The Power of Attorney in 2010
By: Russell Haddleton, Haddleton & Associates P.C.
The durable power of attorney is coming of age. It
is a marvelous tool to provide for financial matters in the event of
disability, and to avoid the necessity of a guardianship or conservatorship. There
have been significant developments in the last twenty years. Adoption of the
Uniform Power of Attorney Act will make it even more valuable than it is now.
A power of attorney (called a "mandate" in
some jurisdictions) is an authorization by a grantor, principal, or donor to an
agent to perform some action for him. In the United States the agent was
commonly referred to as ("attorney-in-fact") to distinguish him from
an attorney at law.
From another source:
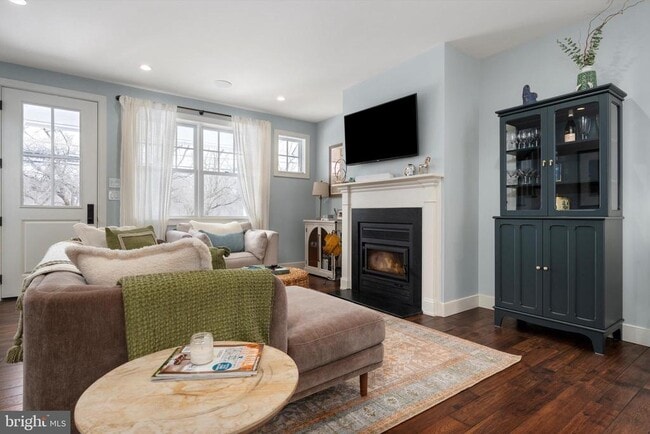 Building Photo - 3741 River Rd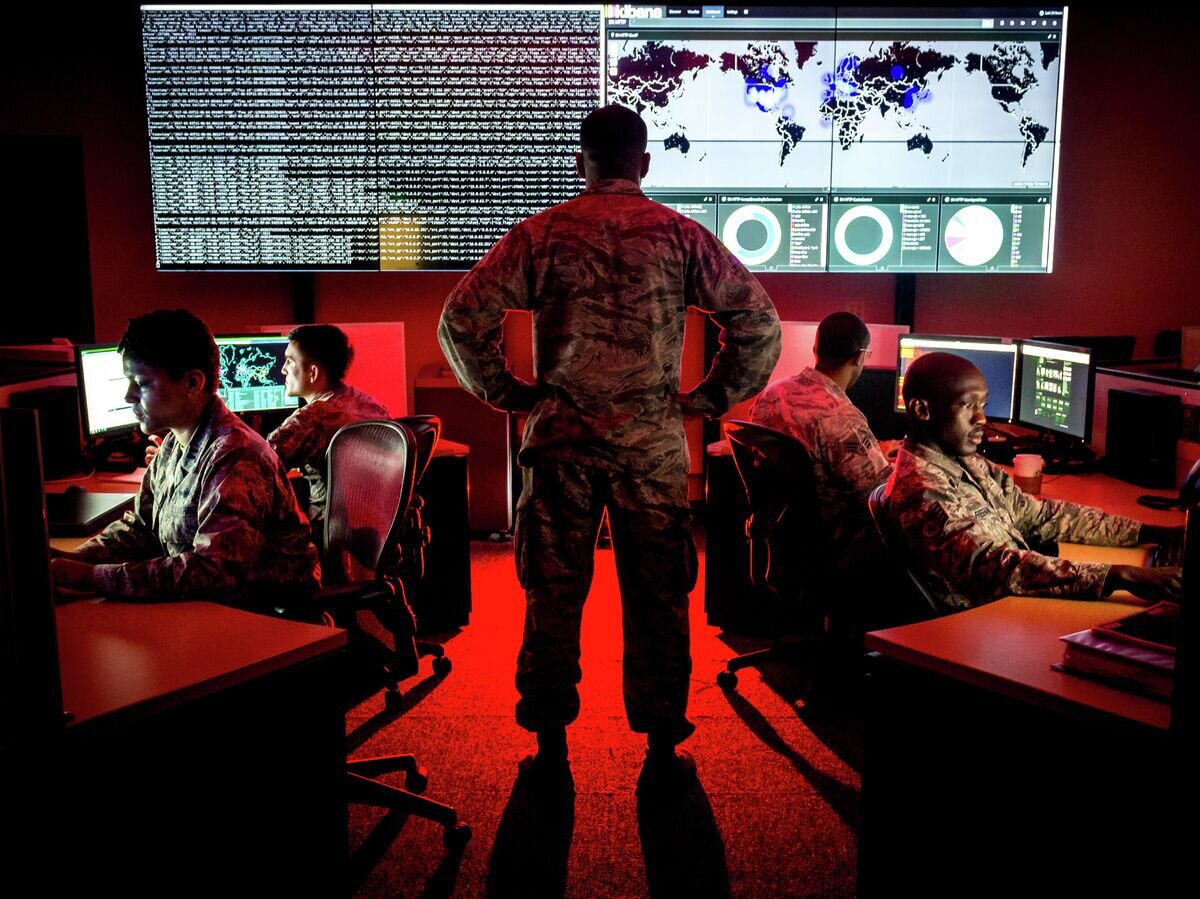    Военнослужащие 175-й группы по операциям в киберпространстве армии США на авиабазе Warfield в штате Винсконсин© Фото : U.S. Air Force / Joseph Eddins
Since those licensed to practice law in other countries are
usually not called attorneys, the term "attorney-in-fact" is not
needed to distinguish the agent from an attorney at law, so that in other
countries the agent is simply referred to as "attorney." The agent is
sometimes erroneously referred to as the principal's "power of
attorney" - the power of attorney is embodied in a document.
A verbal power of attorney would be sometimes
enforceable, but it should be in writing, and the principal should acknowledge
his signature before a notary public.
If the durable power of attorney is to be used to enable the agent to do
an act which requires acknowledgement before a notary public, as, for example,
to execute a deed for real estate, then the power of attorney must be
notarized.
The power of attorney may be general or specific as
to purpose, and may be limited or unlimited in time. For instance, it may be specifically drawn to authorize an
agent to represent a principal in one real estate transaction within a given
time frame or in an almost unlimited number of areas for an indefinite period.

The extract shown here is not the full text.